▸ **YOUR TASK**:
In the copy, include no pictures. Reproduce the rest of the entries exactly.

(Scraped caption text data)
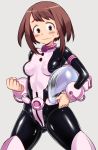 1girl 1girl 774_(nanashi) bangs belt blush bodysuit boku_no_hero_academia boots bracer breasts brown_eyes brown_hair clenched_hand cowboy_shot embarrassed grey_background headwear_removed helmet helmet_removed holding impossible_clothes knee_boots legs_apart looking_at_viewer my_hero_academia ochako_uraraka shiny shiny_clothes short_hair sidelocks simple_background small_breasts stockings sweatdrop thigh_high_boots uraraka_ochako wavy_mouth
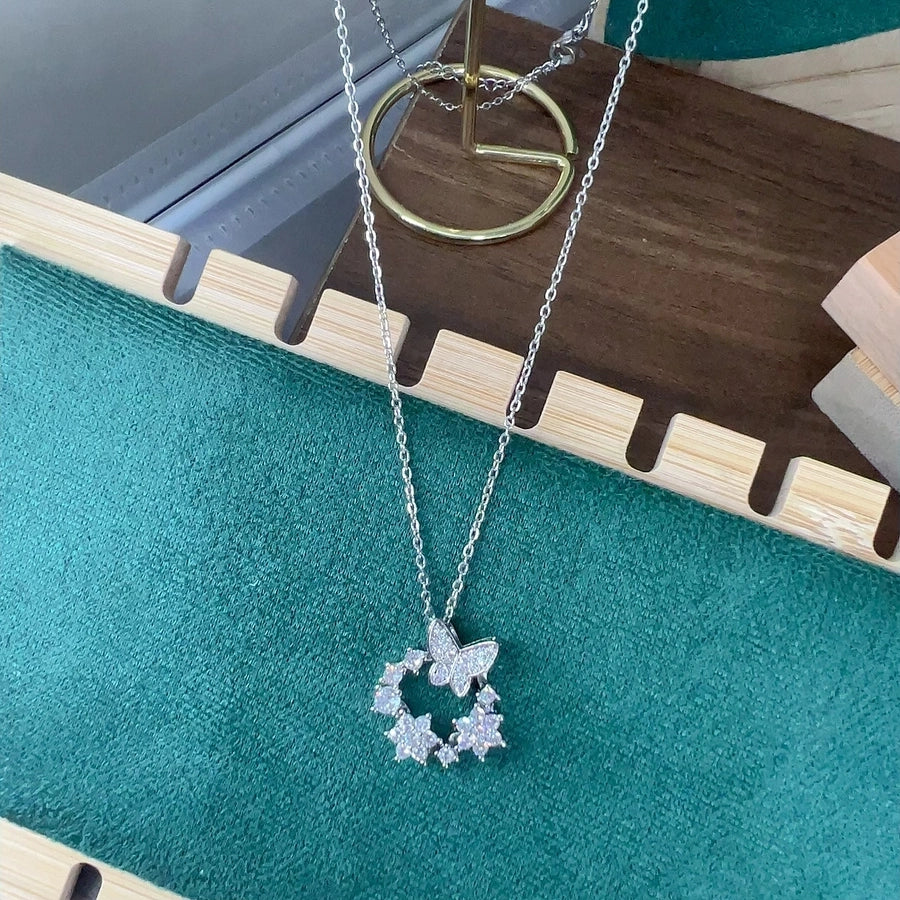 Jewelry Cute Queen Bridal Butterfly 316 Stainless Steel  Copper Zircon 18K Gold Plated Appliques Pendant Necklace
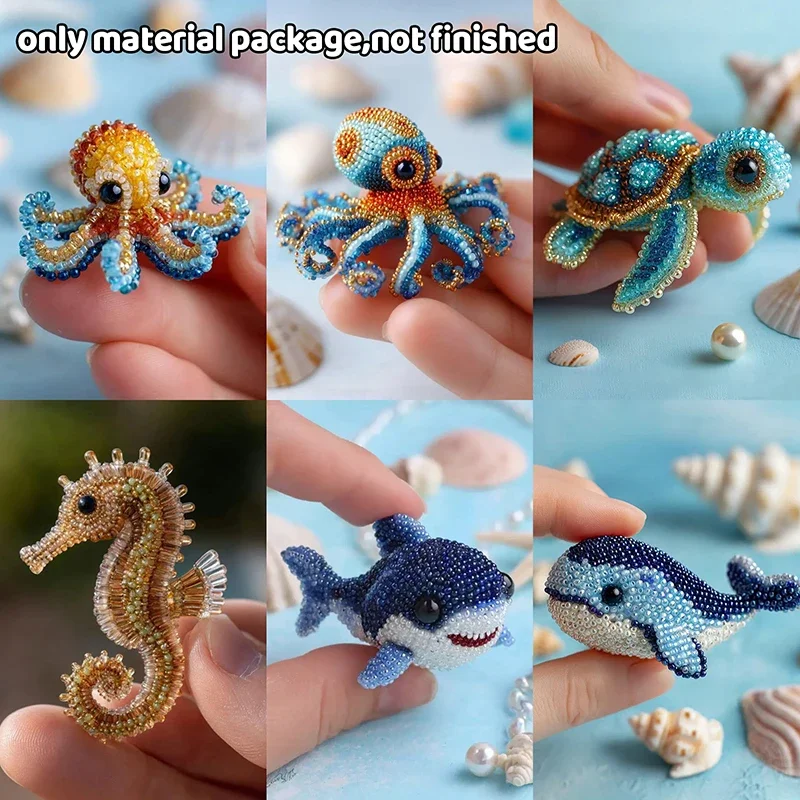 Embroidery Craft - 1 ชุดชุดเย็บปักถักร้อยลูกปัดวัสดุแพคเกจ DIY น่ารักปลาหมึกยักษ์เต่าฉลามออกแบบชุดหัตถกรรมสำหรับผู้เริ่มต้นสร้างสรรค์แฮนด์เมดของขวัญ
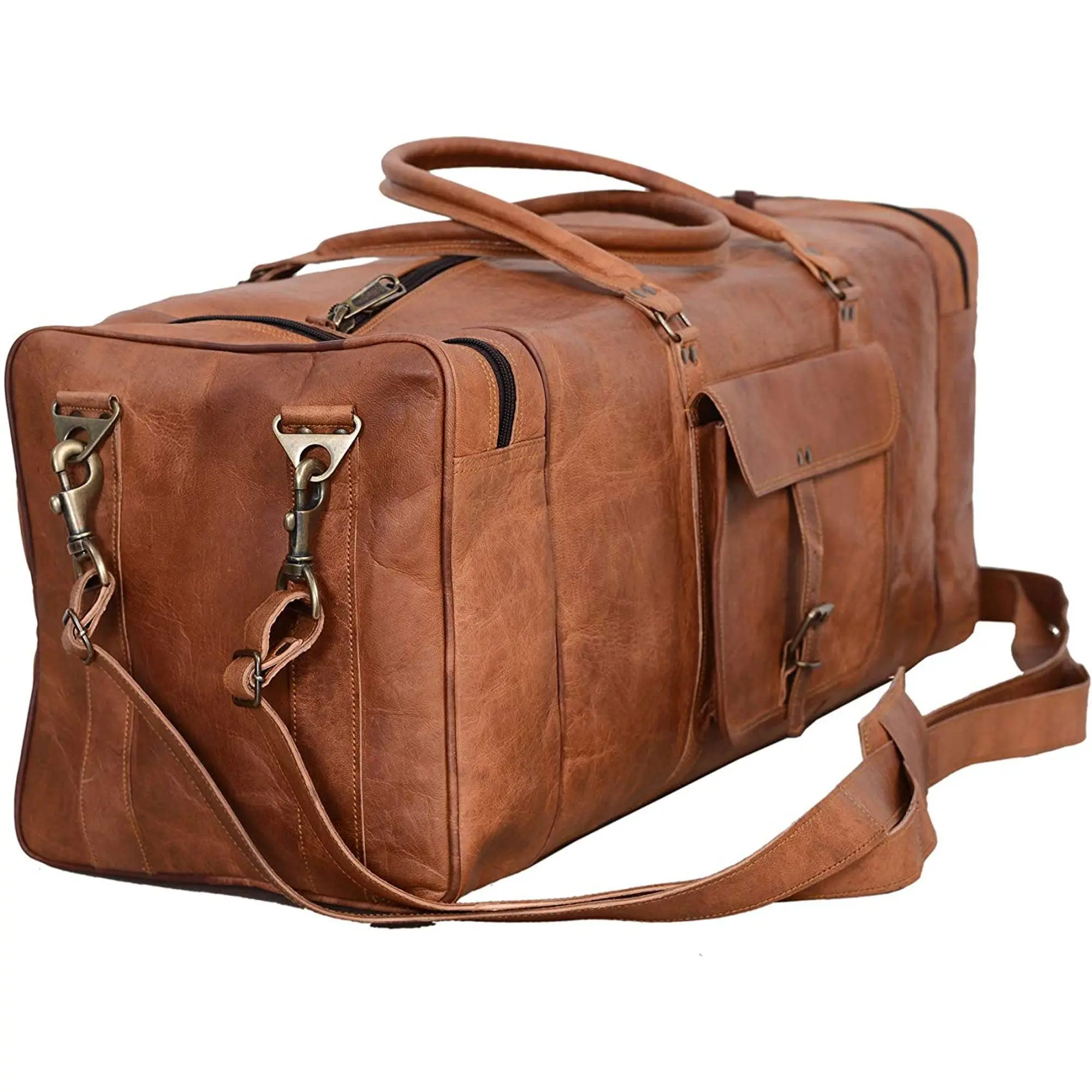 Leather Duffel Bag 28-Inch Large Travel Bag - Gym, Sports, Overnight, and Weekender Bag by Komal's Passion Leather (Brown)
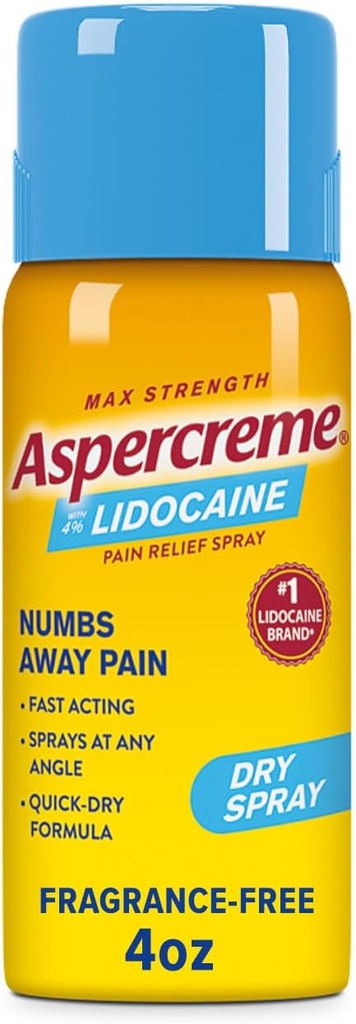 Aspercreme Lidocarene Dry Spray Soothes Aggravated Nerves, Numbing Topical Pain Relief Spray με Max-Stength 4% Lidocain Sprays σε κάθε γωνία, 4 Oz.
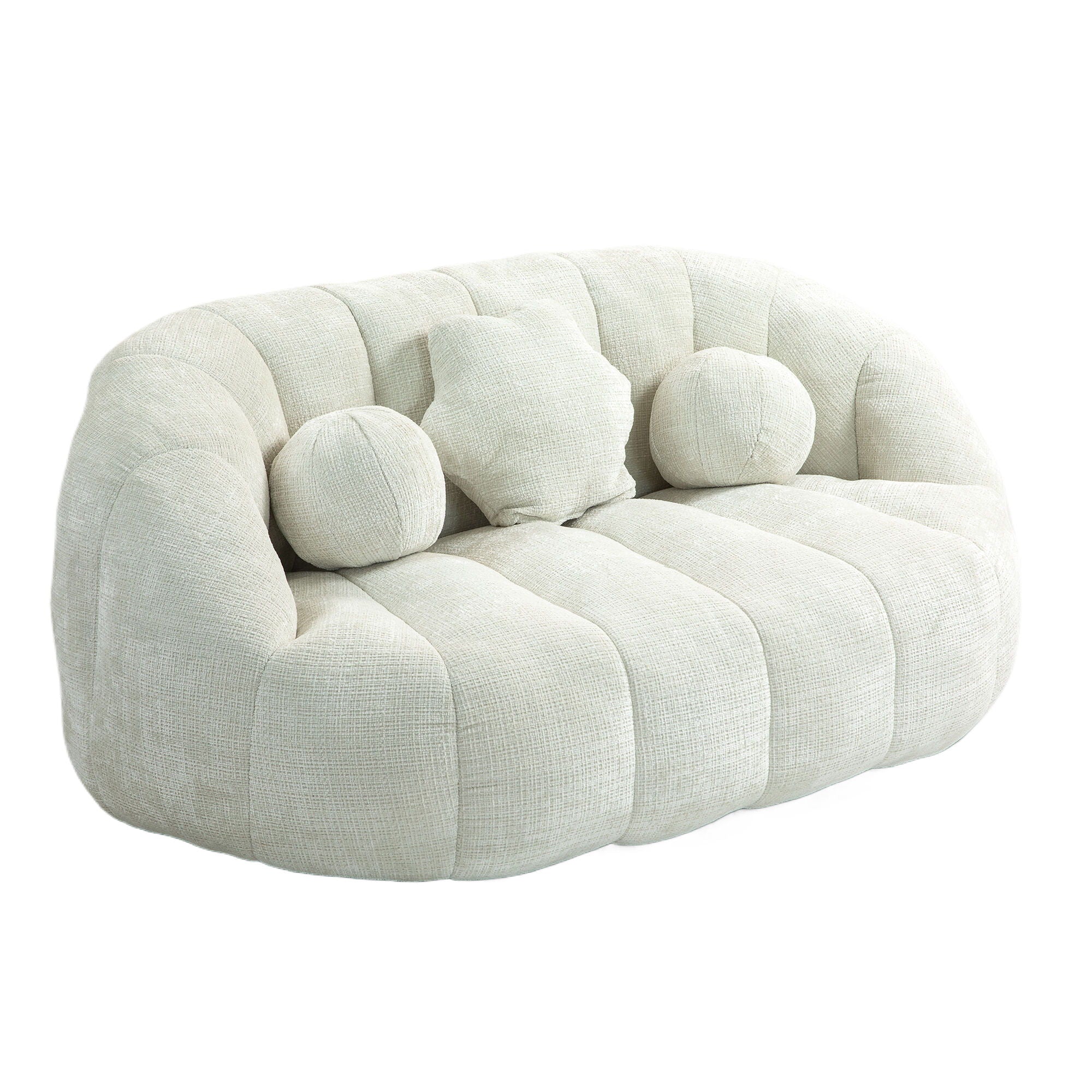 High Back Bean Bag Sofa Couch For Adults And Kids, Comfortable Lounger, Indoor & Outdoor Use - White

▸ **ANSWER AREA**:
 1girl 1girl 774_(nanashi) bangs belt blush bodysuit boku_no_hero_academia boots bracer breasts brown_eyes brown_hair clenched_hand cowboy_shot embarrassed grey_background headwear_removed helmet helmet_removed holding impossible_clothes knee_boots legs_apart looking_at_viewer my_hero_academia ochako_uraraka shiny shiny_clothes short_hair sidelocks simple_background small_breasts stockings sweatdrop thigh_high_boots uraraka_ochako wavy_mouth
 Jewelry Cute Queen Bridal Butterfly 316 Stainless Steel  Copper Zircon 18K Gold Plated Appliques Pendant Necklace
 Embroidery Craft - 1 ชุดชุดเย็บปักถักร้อยลูกปัดวัสดุแพคเกจ DIY น่ารักปลาหมึกยักษ์เต่าฉลามออกแบบชุดหัตถกรรมสำหรับผู้เริ่มต้นสร้างสรรค์แฮนด์เมดของขวัญ
 Leather Duffel Bag 28-Inch Large Travel Bag - Gym, Sports, Overnight, and Weekender Bag by Komal's Passion Leather (Brown)
 Aspercreme Lidocarene Dry Spray Soothes Aggravated Nerves, Numbing Topical Pain Relief Spray με Max-Stength 4% Lidocain Sprays σε κάθε γωνία, 4 Oz.
 High Back Bean Bag Sofa Couch For Adults And Kids, Comfortable Lounger, Indoor & Outdoor Use - White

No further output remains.